Naturally, the proposals are causing all sorts of controversy in Japan. Prime Minister Taro Aso said on Monday evening that "We are not at all at the stage of considering such an idea", while Chief Cabinet Secretary Takeo Kawamura warned that if the government prints money, it could lead to inflation and weaken the yen against other major currencies. BOJ Gov. Masaaki Shirakawa was also pretty critical of the proposal, saying it could "cause great damage" to the central bank's balance sheet and monetary policy as well as market confidence in the yen.

"The plan would require very careful consideration because it could result in jumps in Japan's long-term interest rates, with market participants losing trust in the government's commitment to repaying its debts," Shirakawa said.

Well basically weakening the yen, and raising market participants inflation expectations (or their fear that government will irresponsibly monetise its debt) is just what the Eggerston proposal is all about, so these two would hardly seem to be objections to the idea, and while it is unlikely that the plan will get very far in the short term (rather than prodding the BoJ into more aggresive action), Japan's crisis is very severe, and getting worse by the day, so clearly they are going to need to do something.


Hynek Filip said...

Oh dear me. It seems that the world has gone completely mad. And, what is even worse, the rich western world has gone crazy just because the living standards are going to drop by one, two, three or fifteen per cent. Ridiculous.

Well, just about seventeen years ago I worked as a construction worker, here in southeast Moravia, about a hundred miles north of Vienna, Austria. Two years after the fall of the Communists. And, dear friends, what I made in one hour was good enough for just over one (1) liter of gasoline. By the way, my father, a senior power plant control systems designer, earned just about three times as much.
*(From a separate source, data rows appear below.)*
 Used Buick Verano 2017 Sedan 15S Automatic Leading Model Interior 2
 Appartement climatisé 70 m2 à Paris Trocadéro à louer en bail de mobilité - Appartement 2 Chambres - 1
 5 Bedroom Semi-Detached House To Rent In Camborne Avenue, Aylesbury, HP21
Half a tank of gasoline for a highly qualified days work.

Well, speaking about gasoline - my father did not need any. He bought his first car only about four yaers later. One funny thing, I can not recall anybody really complaining of "crisis", "bad times", "credit crunch" or the rest of all that crap.
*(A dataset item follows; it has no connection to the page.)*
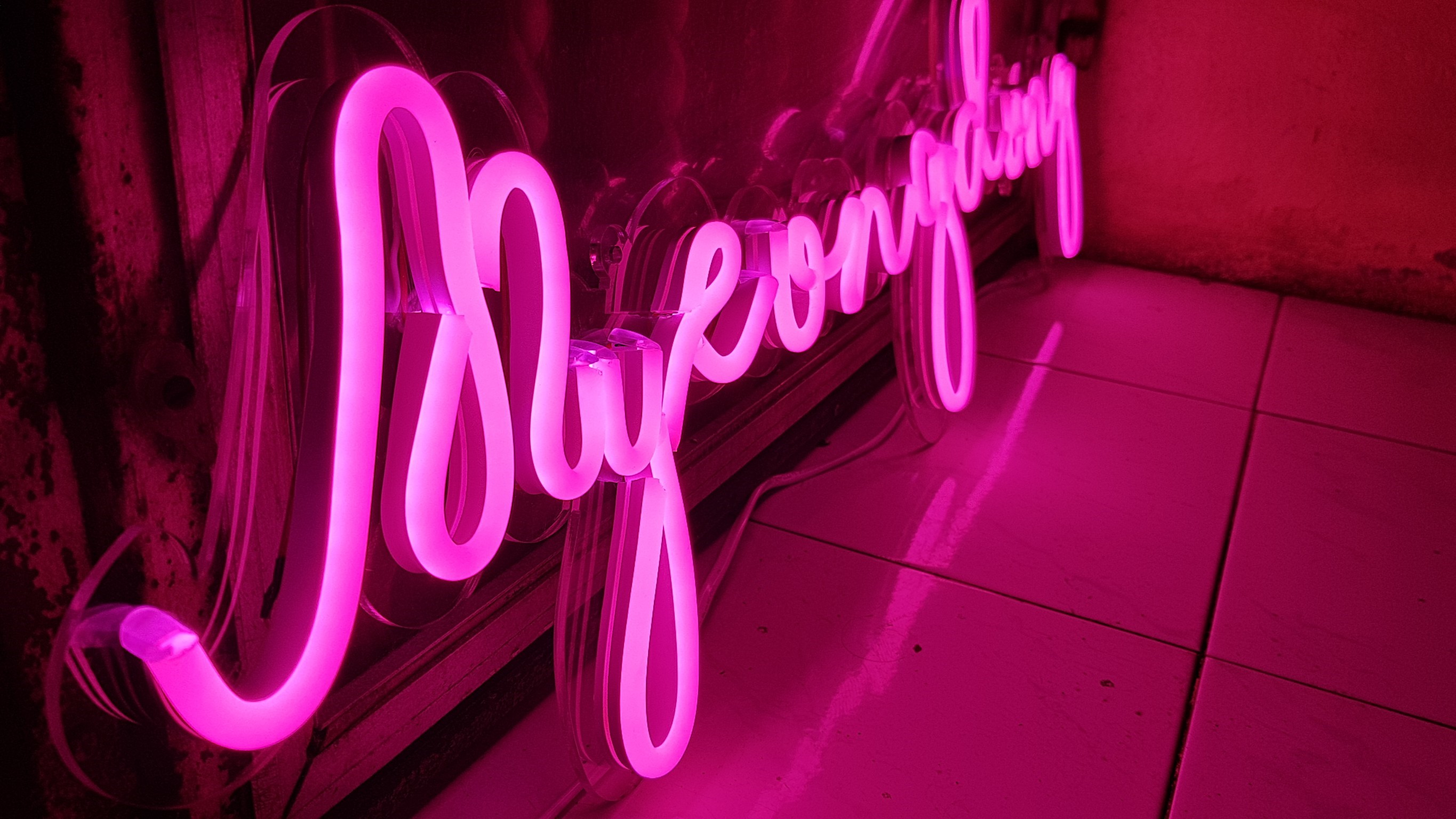 ป้ายไฟ นีออนเฟรค Myeongdong" ไฟสีชมพู ติดลงบนอะคริลิคใส รับผลิตตามรูปแบบที่ต้องการ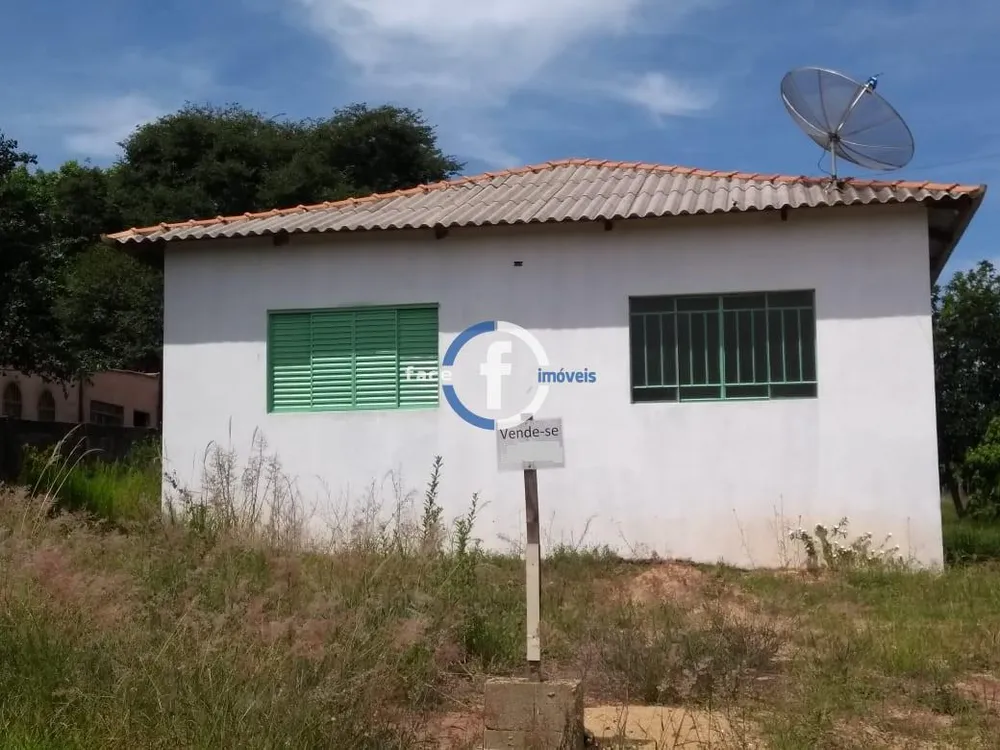Chácara, 3 quartos, 2250 m² - Foto 1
What on earth do I mean? I believe that there is no reason to panic. The average Spaniard is going to be a little poorer, but by the standards of the wide world, he will still remain fairly rich. He will have the cash to buy a used car, a bottle of wine, a tankful of gasoline. Oh yes, there will be no second homes, no 200k euro mortgages, no shiny new cars, no trips to Barbados. So what?
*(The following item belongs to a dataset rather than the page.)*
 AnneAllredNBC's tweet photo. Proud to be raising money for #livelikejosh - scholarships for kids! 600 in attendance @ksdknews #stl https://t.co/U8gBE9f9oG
It will just take a bit of de-leveraging, and maybe a bit of de-spoiling. But, compared to what I knew just two decades ago, and to what the average Ukrainian knows today, it will still be life in luxury.

So please stop panicking and start working, it really does not hurt that much.

Edward Hugh said...

Hello again Hynek,

Thanks for sharing that perspective with us. Unfortuately central Europe is really going to take a mashing by the look of the latest data.

"So please stop panicking and start working, it really does not hurt that much."

I absolutely agree, let's simply roll our sleeves up and turn this situation around, we have a saying in Spanish - stolen by Real Madrid unfortunately, but still - "junto podemos".

Meantime I am naustalgically listening on YouTube to Renaud and "Dans Mon HLM" evoking a world I hoped we had lost but which I fear we may now be going back to.

The thing is the younger generation here have never known the world you describe (their parents did under Franco), I think they are in shock and awe about all this.

Incidentally, do you know the blog A Fistful Of Euros? You may find stuff that interests you there.